Velvet's Workflow Intelligence for Venture

Diving deeper into

Alex Johnson, co-founder & CEO of Velvet, on vertical AI for venture capital

Interview
we'll build Aumni, but with real AI
Analyzed 3 sources

This points to the real prize in venture software being proprietary market data, not memo writing. Aumni became valuable because it turned messy legal packets into a structured dataset JPMorgan could own. Velvet is trying to go one layer deeper, using AI to structure not just legal docs but decks, data rooms, CRM activity, and investor decisions into a live map of how deals get evaluated, won, and eventually traded.

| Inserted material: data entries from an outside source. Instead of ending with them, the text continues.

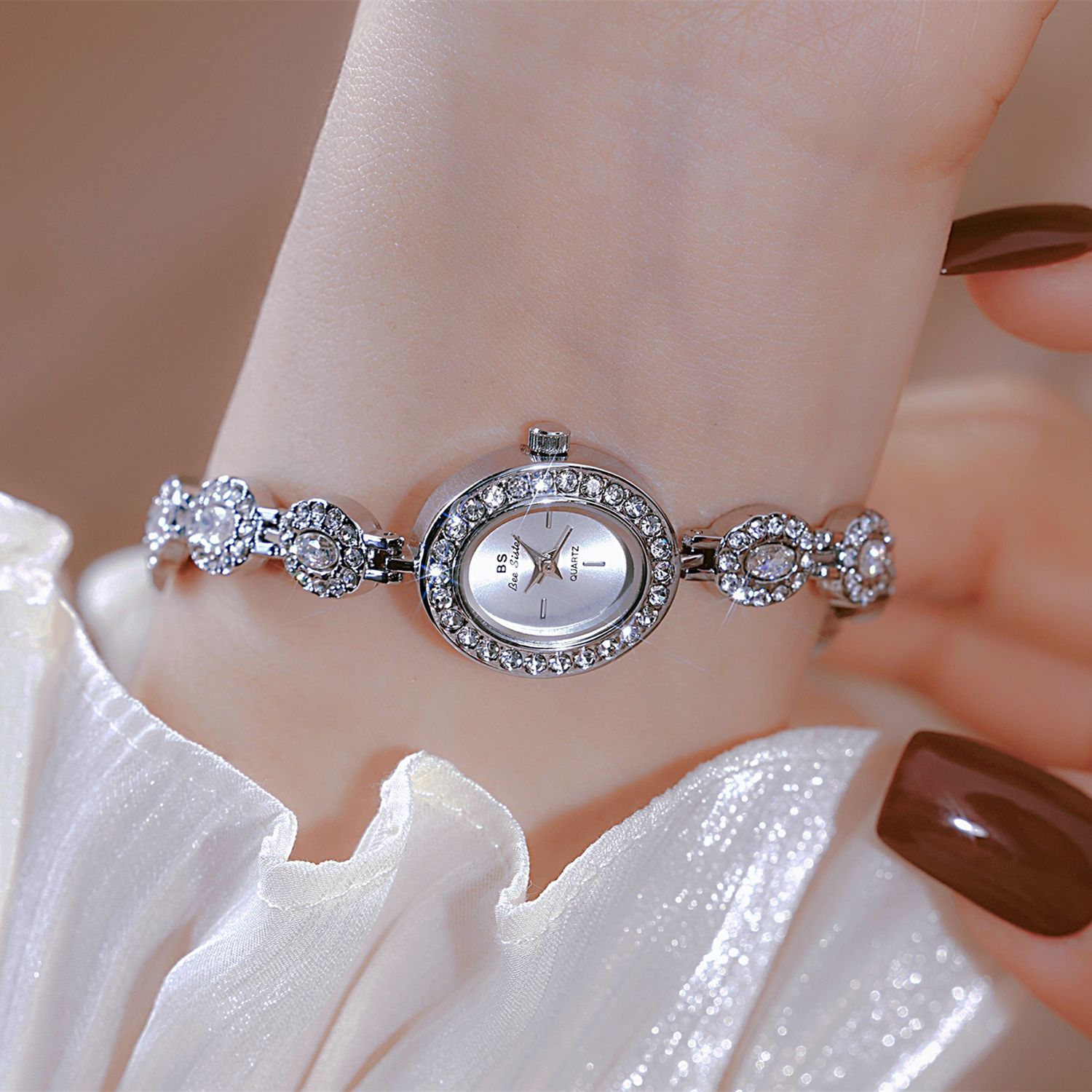UTHAI 新しい女性チェーンウォッチライト高級ブランドアン - Luxury Watch Vintage のレビューと価格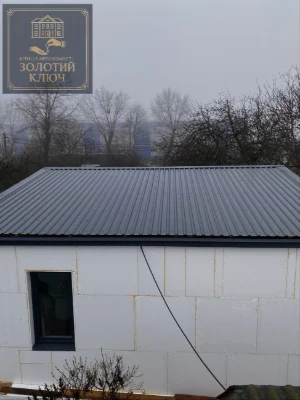 Продам двоповерховий будинок Новомиколаівка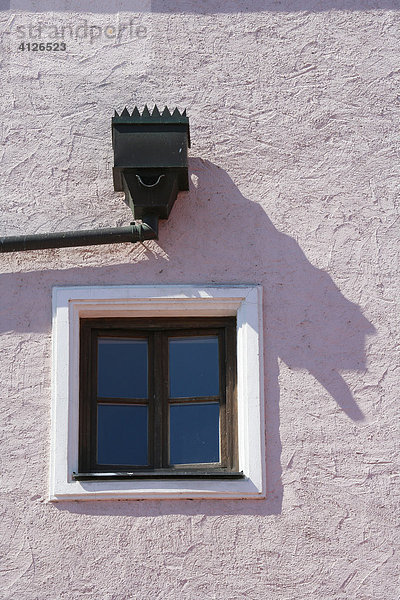 Hausgiebel mit Dachrinne und Fenster  Mühldorf am Inn  Oberbayern  Bayern  Deutschland  Europa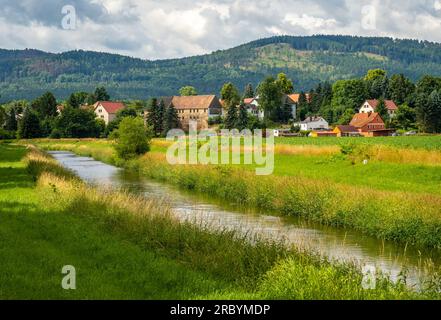 Der Fluss Lusatian Neisse in der Dreigrenzgegend in der Nähe von Hradek nad Nisou, von der tschechischen Seite aus gesehen Stockfoto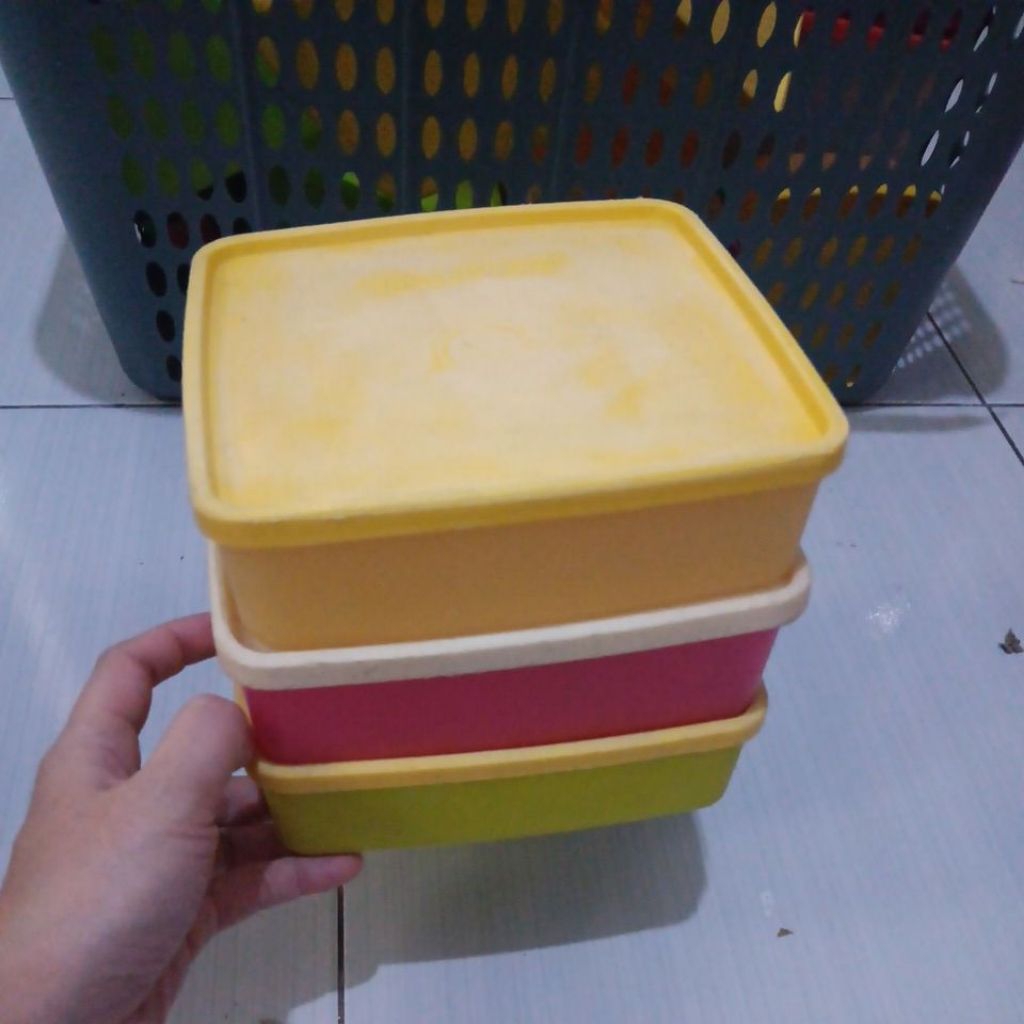 Lsa minus tupperware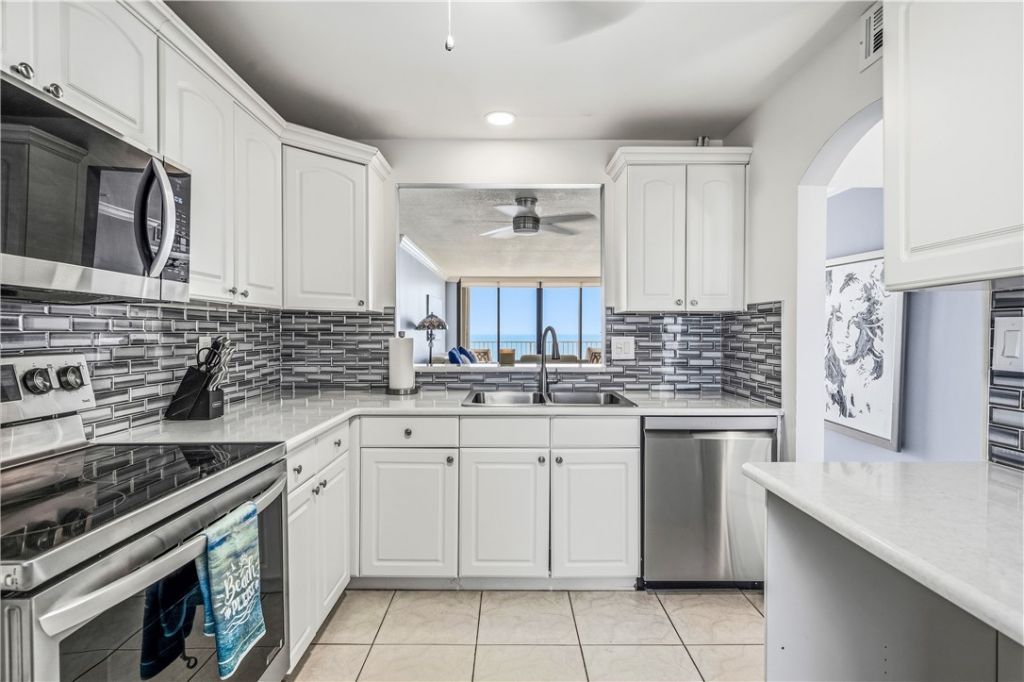 3200 N Highway A1a, Unit 1105, Fort Pierce, FL 34949 Photo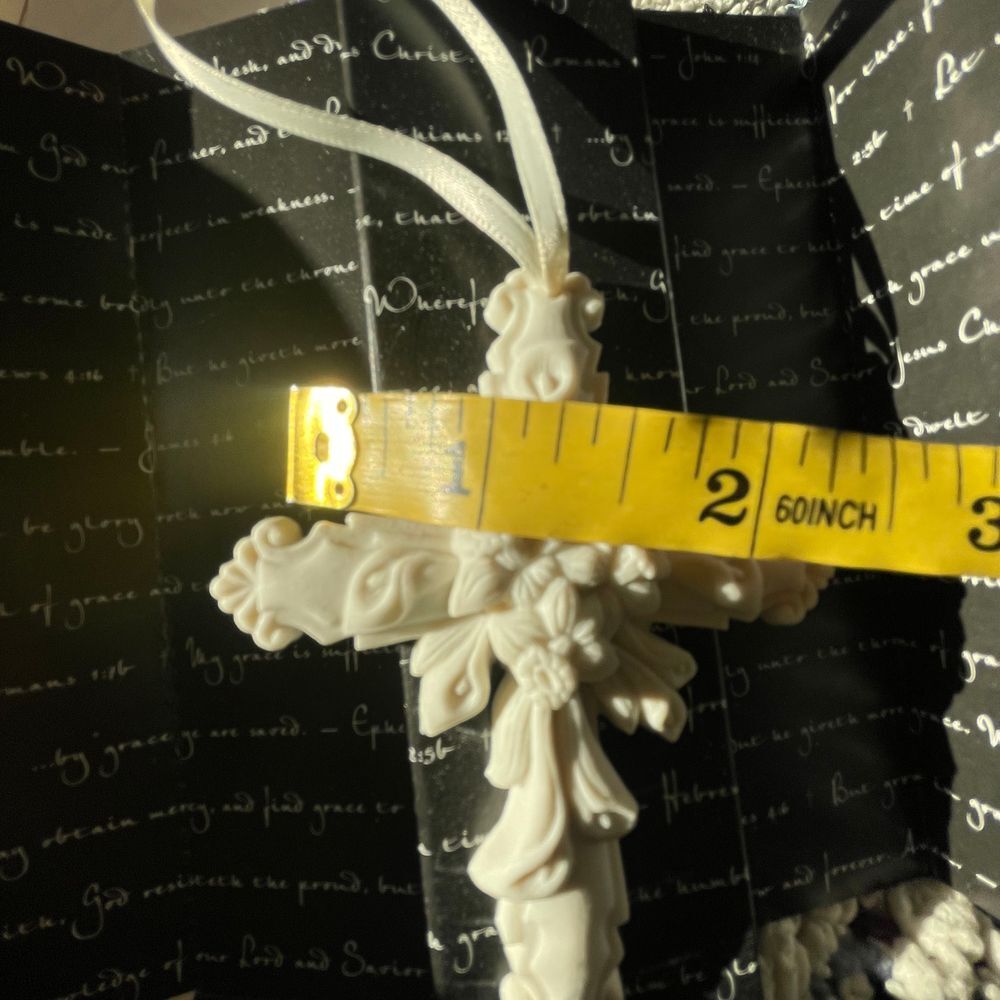 Pure Grace Faithful Love Cross Ornament Religious Home Decor White Floral NEW - Picture 7 of 8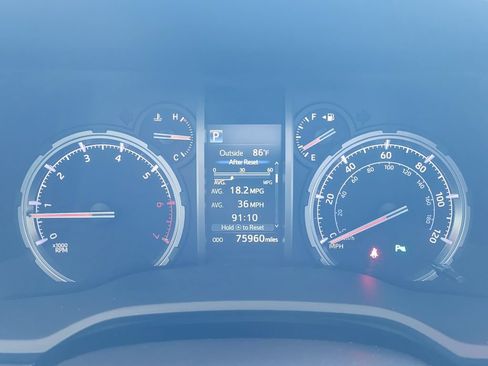 Used 2022 Toyota 4Runner Limited RWD image 23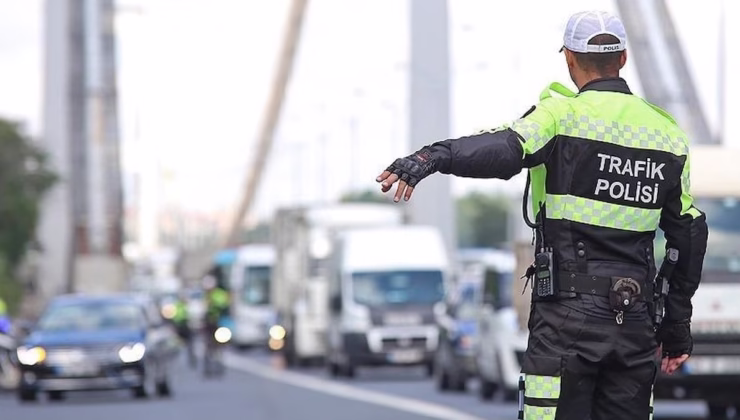Trafik düzenlemesi ertelendi! Cezalara yüzde 220 zam yapılacaktı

  • Aumni was a document intelligence business. Velvet is aiming for workflow intelligence. That means capturing who looked at a deal, what questions they asked, what comps they pulled, who they introduced, and whether they invested. That behavioral data is much harder to replicate than a one time legal document parse.
  • The comparison also explains why Velvet is pairing software with secondaries. In private markets, the biggest bottleneck is still matching buyers and sellers in an opaque market run through brokers and spreadsheets. A daily use diligence product can become the system where both data and transaction intent first show up.
  • The closest analogue is Bloomberg in public markets, not a memo bot. Bloomberg wins because research, messaging, market data, and counterparties sit in one workflow. Private markets still split those jobs across Affinity, Carta, PitchBook, brokers, and ad hoc files, which leaves no single operating system for decision making or liquidity.

Where this heads is toward venture tools that do not just help analyze a company, but become the access layer for private capital itself. If Velvet can keep compounding first party deal and behavior data, it can move from helping funds decide faster to helping institutions, family offices, and RIAs find liquidity and allocation in the same workflow.